SUPPLIED INFORMATION section start

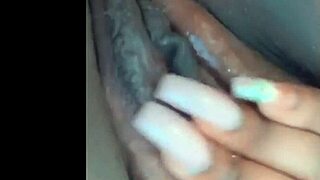 She feels so horny rubbing her pussy with passion.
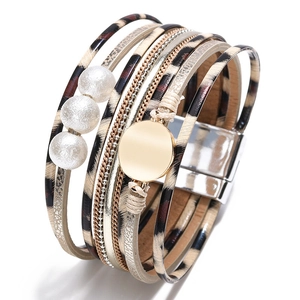 Detail view of Bohemian leopard print leather bracelet with pearls and magnetic clasp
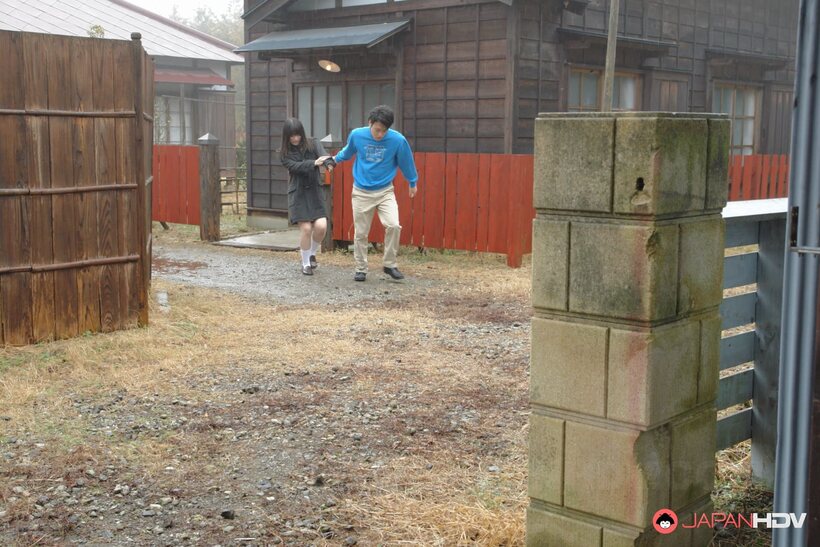 Mai Shimizu kneels outside and blows a guy while handworking him (shot 2)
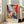 May include: Vibrant abstract art poster in light wooden frame leaning against white wall next to beige upholstered sofa. Artwork features explosive swirls of orange, blue, pink, yellow and white paint in dynamic flowing patterns. Text below reads "POLLOCK Expressive Expressionist Movement" on cream background. Bright natural light streams through tall windows creating soft shadows on hardwood floor.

SUPPLIED INFORMATION section end

Make an exact copy of the listing, with no images in it.

 She feels so horny rubbing her pussy with passion.
 Detail view of Bohemian leopard print leather bracelet with pearls and magnetic clasp
 Mai Shimizu kneels outside and blows a guy while handworking him (shot 2)
 May include: Vibrant abstract art poster in light wooden frame leaning against white wall next to beige upholstered sofa. Artwork features explosive swirls of orange, blue, pink, yellow and white paint in dynamic flowing patterns. Text below reads "POLLOCK Expressive Expressionist Movement" on cream background. Bright natural light streams through tall windows creating soft shadows on hardwood floor.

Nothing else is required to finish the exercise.